**What the task asks:** Retype the listing found below exactly, but leave out each picture.

**Data below:**
▽

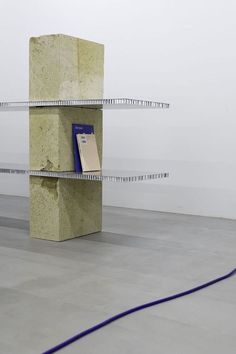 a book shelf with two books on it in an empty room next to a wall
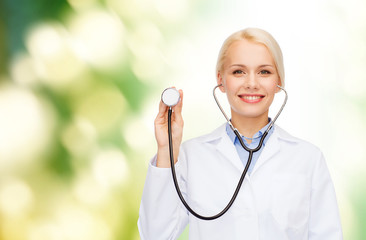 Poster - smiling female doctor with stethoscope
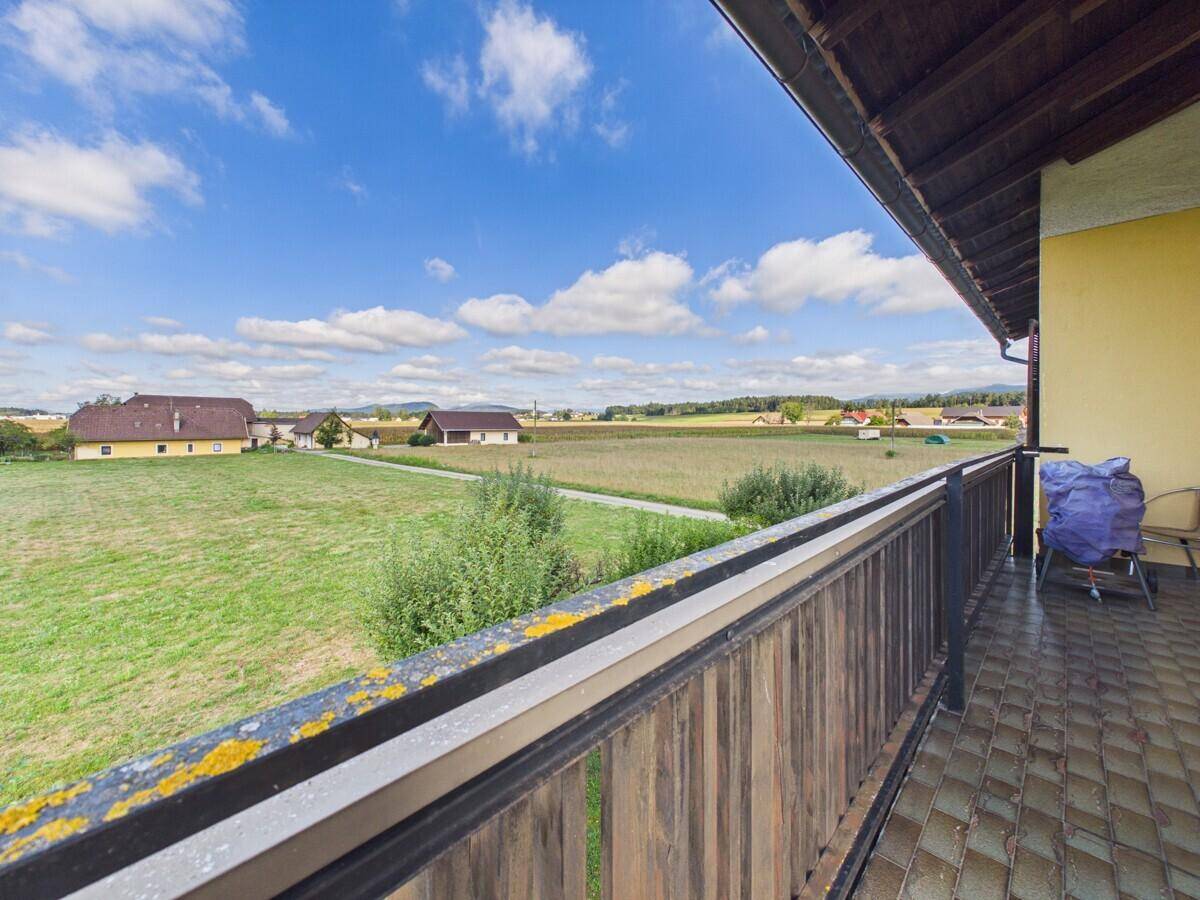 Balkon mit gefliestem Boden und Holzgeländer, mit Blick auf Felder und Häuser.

△

**Answer to the exercise:**
 a book shelf with two books on it in an empty room next to a wall
 Poster - smiling female doctor with stethoscope
 Balkon mit gefliestem Boden und Holzgeländer, mit Blick auf Felder und Häuser.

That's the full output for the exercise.